Cette recherche s’inscrit dans les analyses récentes se focalisant sur le « brevet stratégique » ou la fonction stratégique du brevet. Elle est de plus en plus utilisée par les entreprises pour imposer/maintenir/consolider un avantage concurrentiel pour, éventuellement, par la suite, créer un rapport de forces destiné à négocier des échanges de brevets en position favorable. Elle apparaît centrale pour le management stratégique du brevet – même si elle est, de fait, déjà partiellement contenue dans la définition du brevet. L’utilisation stratégique du brevet ne peut toutefois se concevoir sans une stratégie claire en matière de valorisation de la propriété intellectuelle[19]. Or, trop peu d’entreprises aujourd’hui se préoccupent de savoir la manière dont les inventions peuvent être valorisées (en interne, en externe, par des cessions de licences, par des ventes de brevets, par des licences croisées, etc.), en développant une vision et une intention stratégiques (Hamel et Prahalad, 1990).
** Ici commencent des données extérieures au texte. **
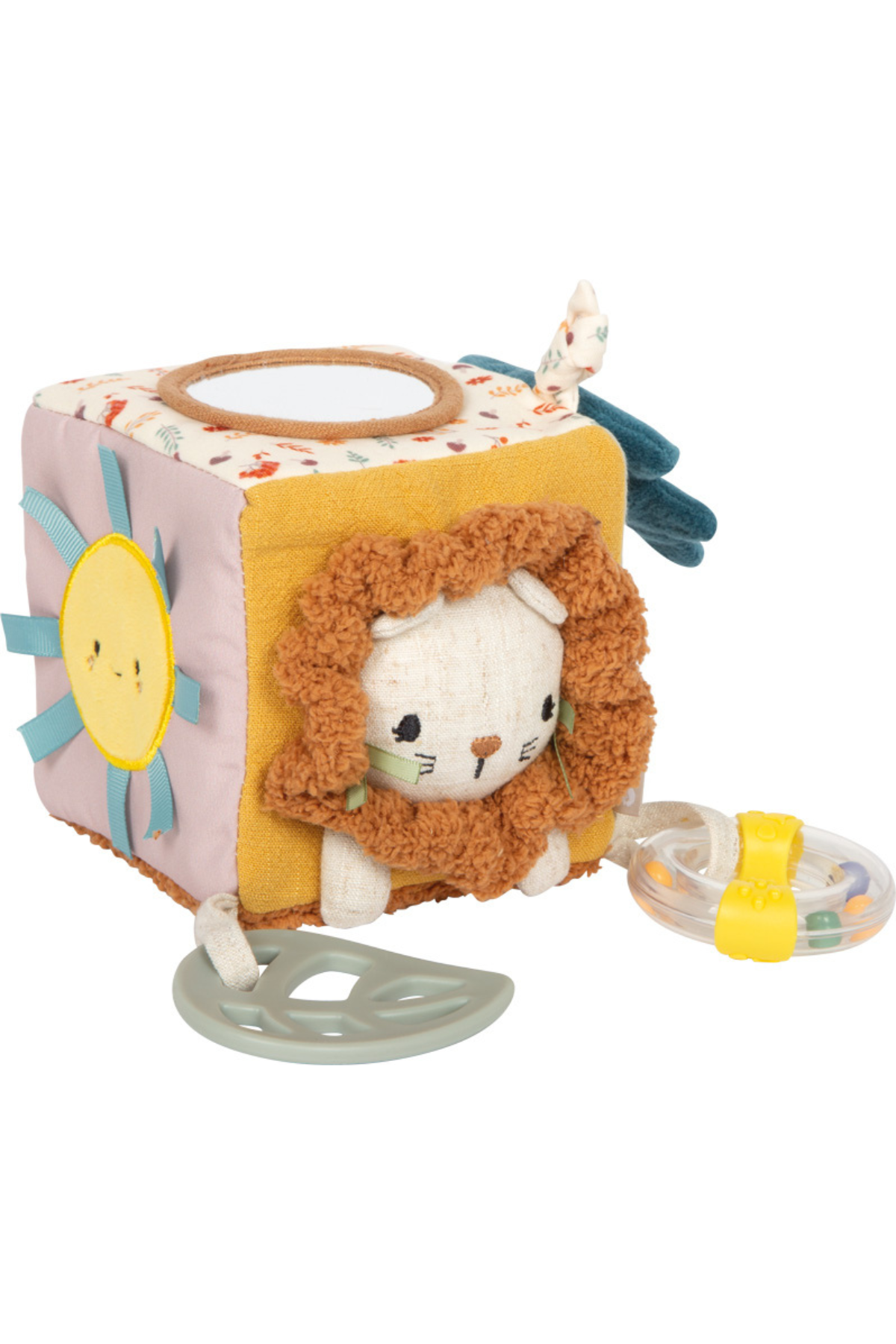 Litla ljónið - Skynkubbur-Baby & Toddler-SmallFoot-White Noise Barnavöruverslun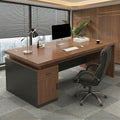 Office desk - minimalist modern manager desk, employee workstation, home computer desk, student study desk, executive desk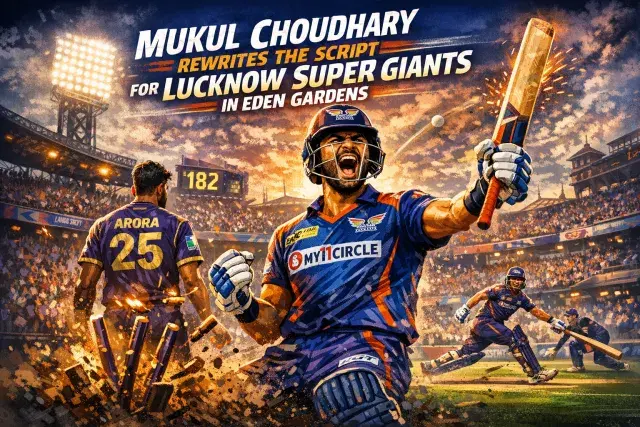 Mukul Choudhary Rewrites the Script for Lucknow Super Giants in Eden Gardens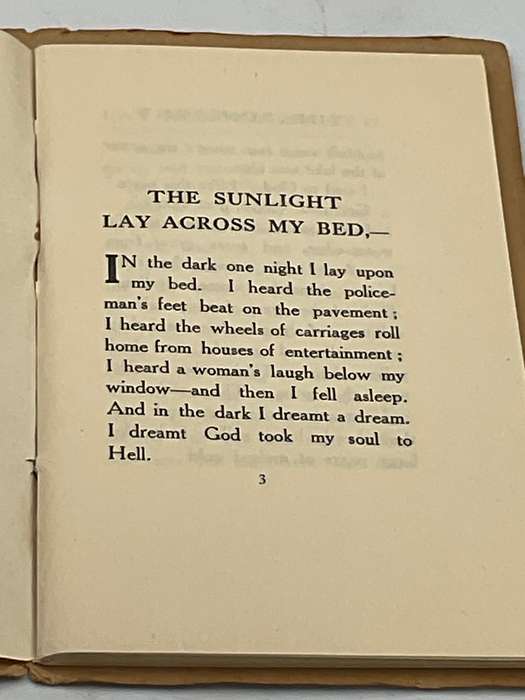 The Sunlight Lay Across My Bed by Olive Schreiner | T. Fisher Unwin, London, 1914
Certaines recherches (e.g. Ayerbe et Mitkova, 2005) se sont déjà penchées sur cette valorisation, notamment sur la manière dont Air Liquide s’organise en interne pour valoriser les brevets. Ces recherches sur la valorisation de la propriété industrielle méritent d’être approfondies.
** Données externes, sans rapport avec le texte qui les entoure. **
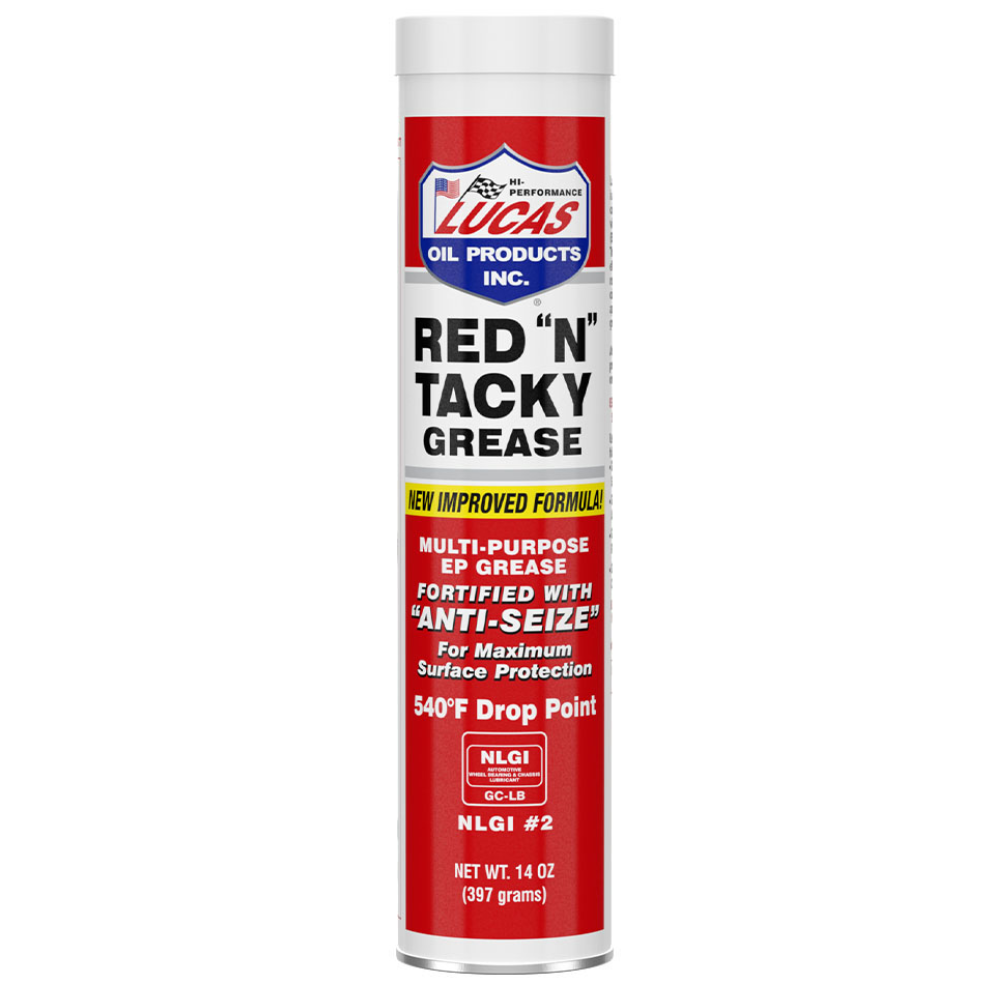 Lucas Oil 10005-30 Red "N" Tacky Grease 14-ounce 540°F Drop Point (Pack of 10)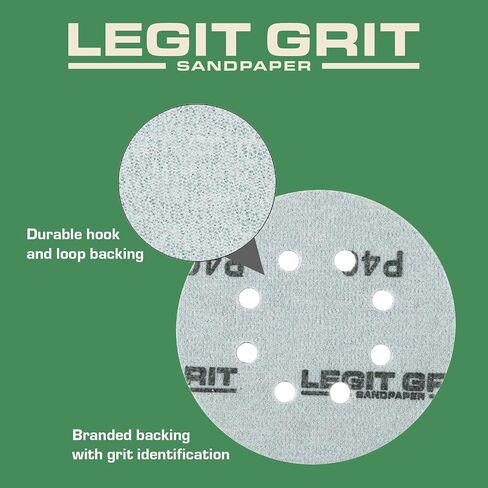 5 inch Sand Paper Disc, 8-Hole, 150 Grit, 50-Pack in Saudi Arabia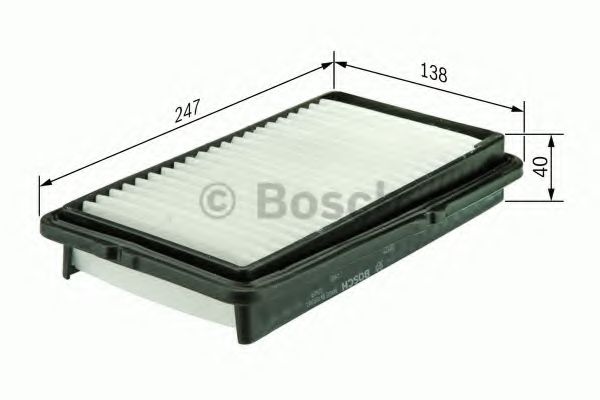 BOSCH - 1 457 433 950 - Воздушный фильтр (Система подачи воздуха)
D’autres pistes de recherche pourraient également être poursuivies afin de combler les limites du notre travail, d’une part sur la distinction entre les rôles défensif et offensif du brevet de blocage, d’autre part sur le couplage entre les brevets et les autres formes, moins étudiées, de protection des inventions : marques, dessins et modèles, etc. La stratégie de blocage est en effet loin de passer uniquement par les brevets : elle est souvent intimement liée avec la stratégie portant sur d’autres types de droits de la propriété industrielle. Dans ce domaine, y compris les PME sont nombreuses à accompagner le dépôt de brevets par des demandes d’autres titres de propriété industrielle (OSEO, 2009). La thématique du brevet de blocage, et de la fonction stratégique des différentes formes de propriété intellectuelle, mérite, de par son intérêt et son importance croissante pour les entreprises quelle que soit leur taille, toute l’attention des chercheurs en management stratégique et de l’innovation.